Copy down every line of the data that follows exactly. Omit the pictures.

» PROVIDED MATERIAL:

□ □ □ □ □

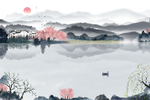 水墨装饰画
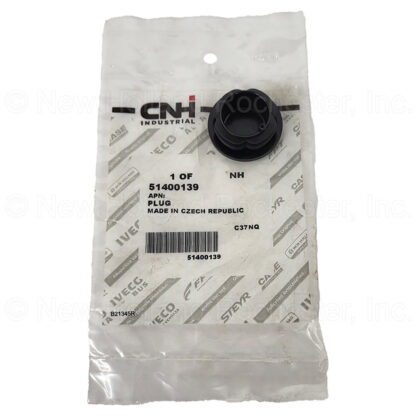 New Holland Plug Part # 51400139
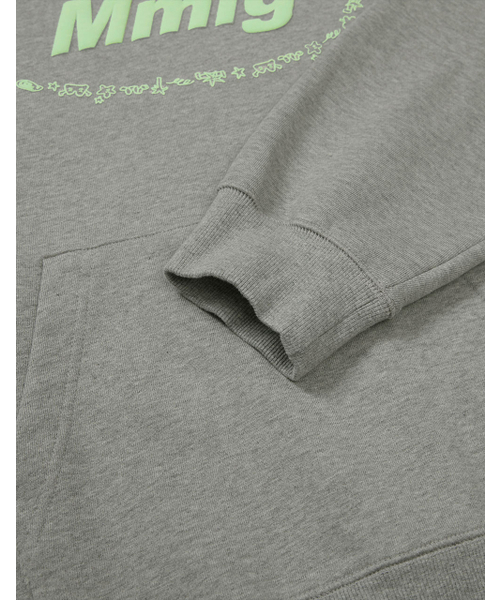MMLG（エムエムエルジー）の「[Mmlg] MMLG EARTH SKETCH HOODIE (EVERY GREY)（パーカー・レディース・その他・SMALL/MEDIUM/LARGE/X-LARGE）」の5枚目の写真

□ □ □ □ □

» SOLUTION:
 水墨装饰画
 New Holland Plug Part # 51400139
MMLG（エムエムエルジー）の「[Mmlg] MMLG EARTH SKETCH HOODIE (EVERY GREY)（パーカー・レディース・その他・SMALL/MEDIUM/LARGE/X-LARGE）」の5枚目の写真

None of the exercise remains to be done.